Börsen-Zeitung: Monetäre Prävention geboten - Geldüberschuss erzeugt künftigen Inflationsdruck. Das Image der EZB als strenger Geldwerthüterin hat gelitten.

Kommentar zur EZB-Geldpolitik von Christian Burckhardt
Frankfurt, 29.11.2004 (ots) - Großer Zustimmung erfreut sich die Geldpolitik der Europäischen Zentralbank (EZB). Denn ihr Rat hält den Leitzins seit Juni 2003 auf dem historischen Tief von 2% und deutet vorerst – nach dem September- Intermezzo vorsichtiger Zinserhöhungssignale – keine Abkehr vom expansiven Kurs an. Beifall spenden Ökonomen und Politiker, die meinen, die EZB müsse mehr im Dienste der Konjunktur als der Preisstabilität – ihrem Kernmandat – agieren. Ginge es nach ihnen, sollte sie nun noch eine Schippe drauflegen: die wachstumsdämpfende Euro-Aufwertung durch Devisenmarkteingriffe stoppen und den Zins weiter senken. Doch der Rat muss langsam um seine Glaubwürdigkeit bangen.

So verständlich das von Kurzfristorientierung bestimmte Interesse vieler Marktakteure und Politiker am billigen Geld ist, so bedenklich stimmt, wie gering die EZB die Inflationsgefahr auf mittlere bis lange Sicht trotz gegenteiliger Beteuerung de facto schätzt. Während die Notenbanken der USA (Fed) und anderer Länder die Wende in Richtung auf ein neutrales Niveau 2004 vollzogen, blieb die EZB auf expansivem Geradeaus-Kurs.

Die Folgen sind: Der Realzins liegt bei null oder weniger – weit unter dem realen Wachstum von fast 2%, und der Geldangebotsüberschuss steigt wie Europas Butterberg in den achtziger Jahren. Obwohl der EZB-Rat die These vertritt, dass Inflation langfristig ein monetäres Phänomen ist, also vom Geldangebot bestimmt wird, duldet er ungeachtet der eigenen Warnungen das seit Mitte 2001 zu hohe Geldmengenwachstum. Erst galt es als wenig brisant, weil von Portfolioumschichtungen getrieben und weil die Konjunktur mau war. Nun soll die Konjunktur nicht kräftig genug sein, um einschreiten zu können.

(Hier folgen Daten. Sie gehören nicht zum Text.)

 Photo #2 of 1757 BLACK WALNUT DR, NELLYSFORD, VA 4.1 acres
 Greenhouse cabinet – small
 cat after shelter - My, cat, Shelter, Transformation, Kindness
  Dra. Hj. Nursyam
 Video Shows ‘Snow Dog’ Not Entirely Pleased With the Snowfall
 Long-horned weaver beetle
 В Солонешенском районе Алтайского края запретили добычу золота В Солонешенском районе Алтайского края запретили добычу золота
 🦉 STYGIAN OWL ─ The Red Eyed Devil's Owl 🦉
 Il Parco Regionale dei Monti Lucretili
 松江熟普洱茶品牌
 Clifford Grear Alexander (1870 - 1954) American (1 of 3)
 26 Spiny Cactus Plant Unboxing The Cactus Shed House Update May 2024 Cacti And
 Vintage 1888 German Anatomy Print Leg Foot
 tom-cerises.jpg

Güte Gründe für eine Zinsanhebung
Eine Zinsanhebung auf 2,50% ist unpopulär, aber es gibt dafür gute Argumente:

(1) Der Geldüberschuss erzeugt künftigen Inflationsdruck bei den Verbraucher- und/oder Vermögenspreisen. In letzterem Fall droht eine spekulative Preisblase, deren Platzen eine Finanzmarkt- und Konjunkturkrise auslösen kann.

(2) Je länger die Phase des Niedrigzinses, der einer Subvention ähnelt, dauert, desto schwerer fällt der Wirtschaft die Anpassung an höhere Zinsen.

(3) Die Geldpolitik wirkt mit etwa zwei Jahren Verzögerung, das verlangt frühes Handeln.

(4) Eine Zinskorrektur würgt nicht den Aufschwung ab.

(5) Das Image der EZB als strenger Geldwerthüterin hat gelitten. Ihren Warnungen vor monetären Risiken müssen Taten folgen. Geboten ist ein Kurs der dosierten Prävention wie jener der Fed im Sinne einer weitsichtigen Geld- und Finanzstabilitätspolitik. Wehret den Anfängen ist ein Prinzip, das gerade die unabhängige Geldpolitik beherzigen sollte.